Through that work, HHH members and allies learned more about the local homeless response system and began participating in the Homeless Issues Partnership, the recognized local coalition connected to HUD and the Texas Homeless Network. HHH members became official participants, attended meetings, and sought to align the coalition’s work with its stated mission. Over time, however, members grew concerned that the voices of people with lived experience were not being fully recognized or respected, and they continued to advocate diplomatically for accountability, transparency, and mission-centered leadership.

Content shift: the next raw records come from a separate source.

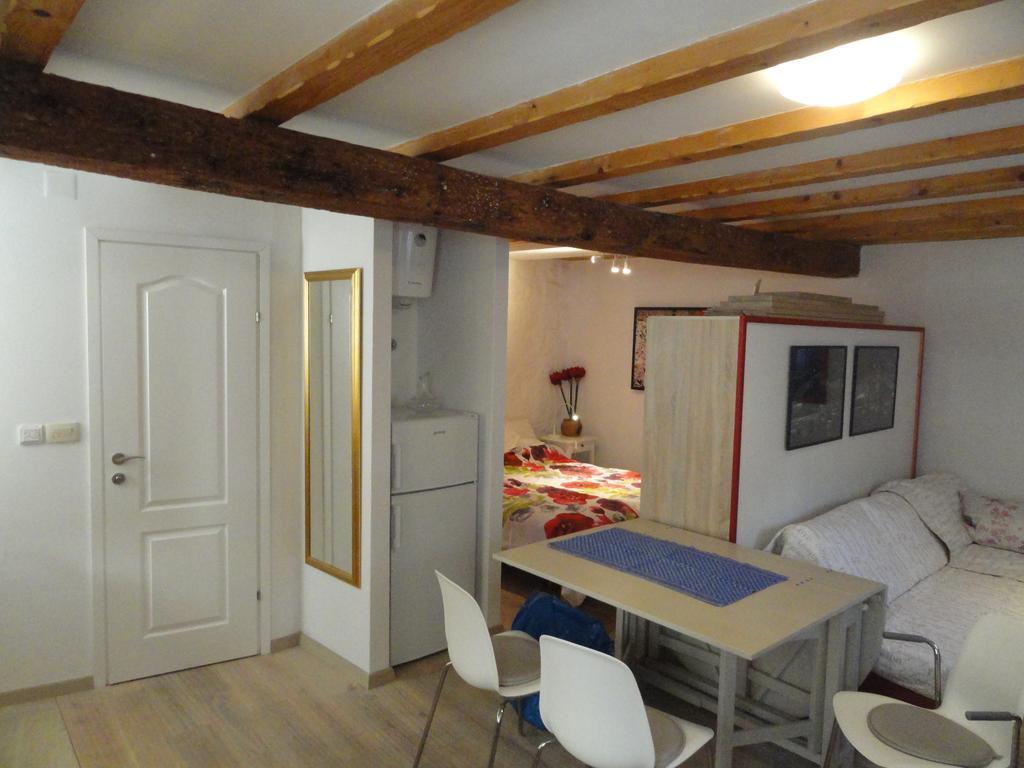 City Walls Hostel ドゥブロブニク エクステリア 写真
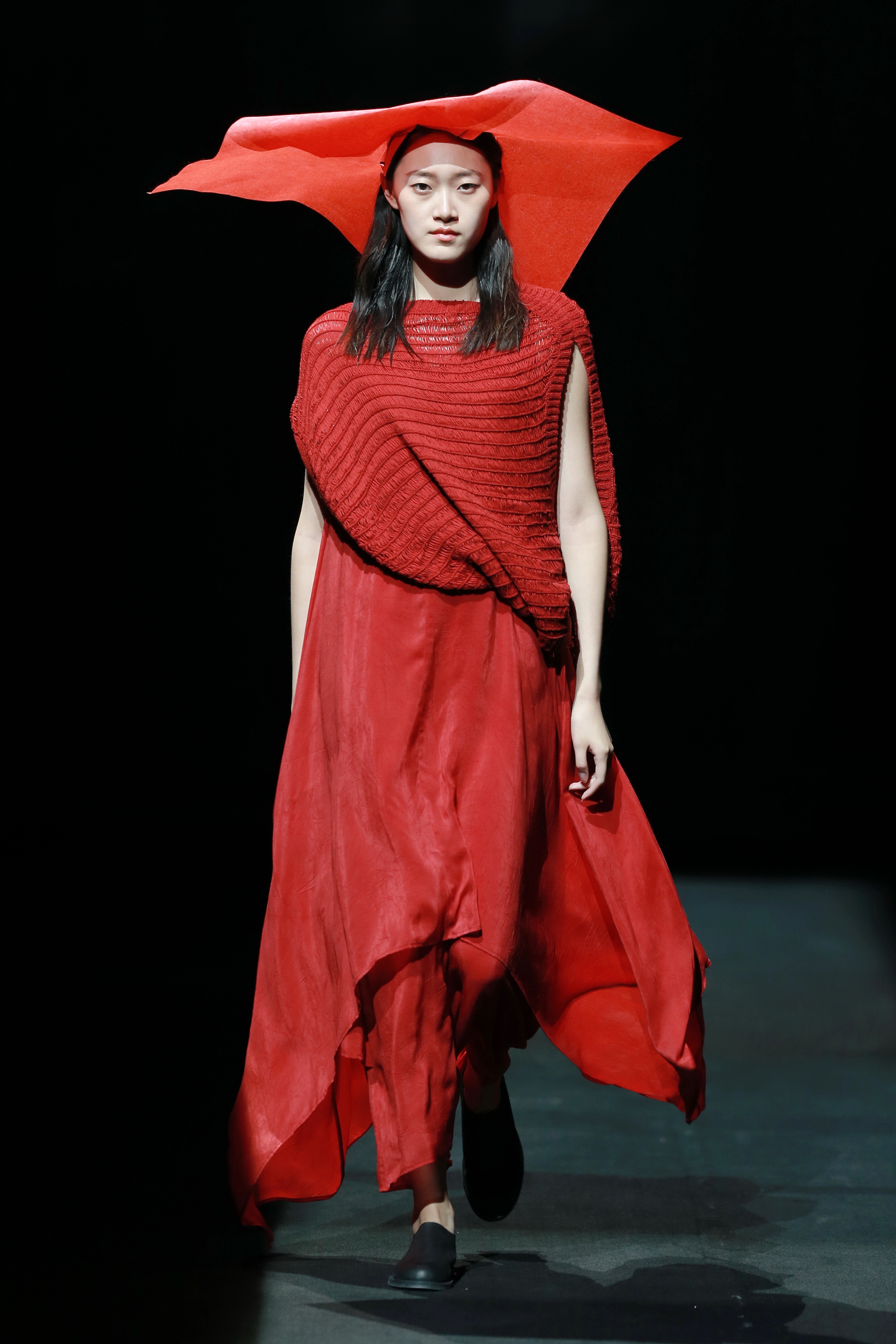 2016春夏中国国际时装周 容子木•李铂楠时装发布会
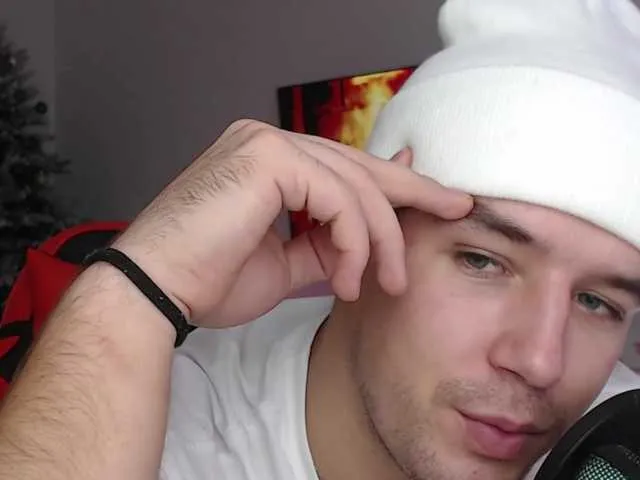 Live sex webcam photo for KeGaMbiT69 #292344795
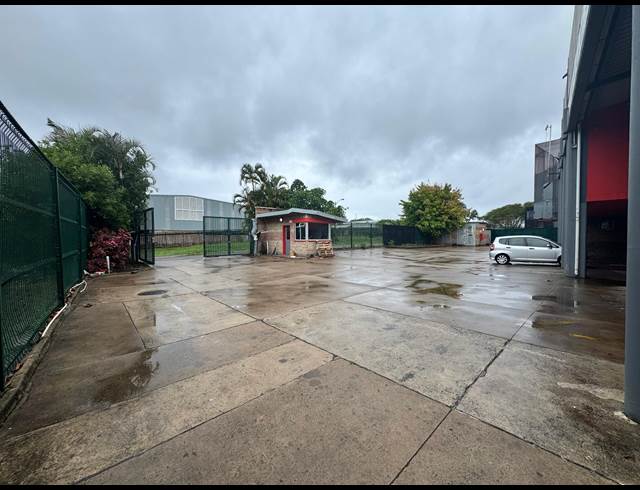 2,609.30M² WAREHOUSE TO LET IN MOUNT EDGECOMBE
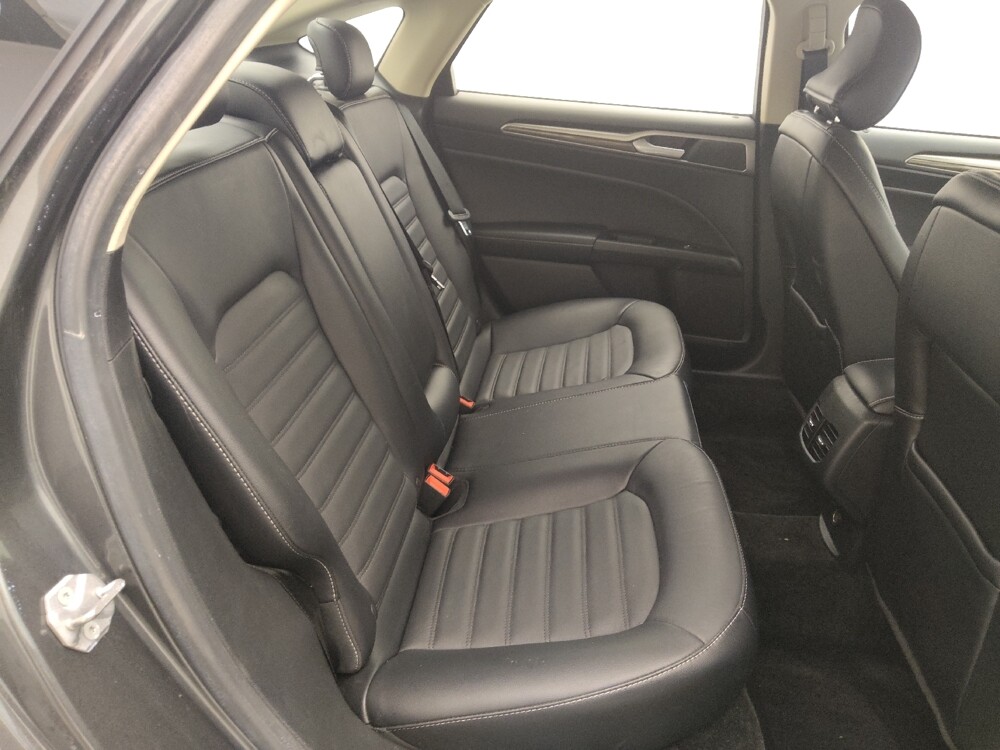 2017 Ford Fusion in Houston, TX 77074 - 18083601 19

Today, Homeless Helping Homeless continues to evolve from a survival community into an organized force for change. HHH representatives have raised questions about governance, compliance, and public accountability within the local homeless response system, while also helping build new action teams focused on affordable housing, advocacy, and the rebuilding of essential tools such as Coordinated Entry and the Homeless Management Information System.

The story of HHH is a story of people refusing to be defined only by homelessness. It is a story of neighbors becoming leaders, of lived experience becoming public wisdom, and of a community insisting that any effort to end homelessness must include the people who have endured it. With CBCE’s support, HHH is helping shape an emerging coalition committed to practical systems change, deeper accountability, and a future where every person has a place to belong.

We also coach and train local organizations, agencies, and ministries to use an inside-out, asset-based approach that equips communities to lead their own development.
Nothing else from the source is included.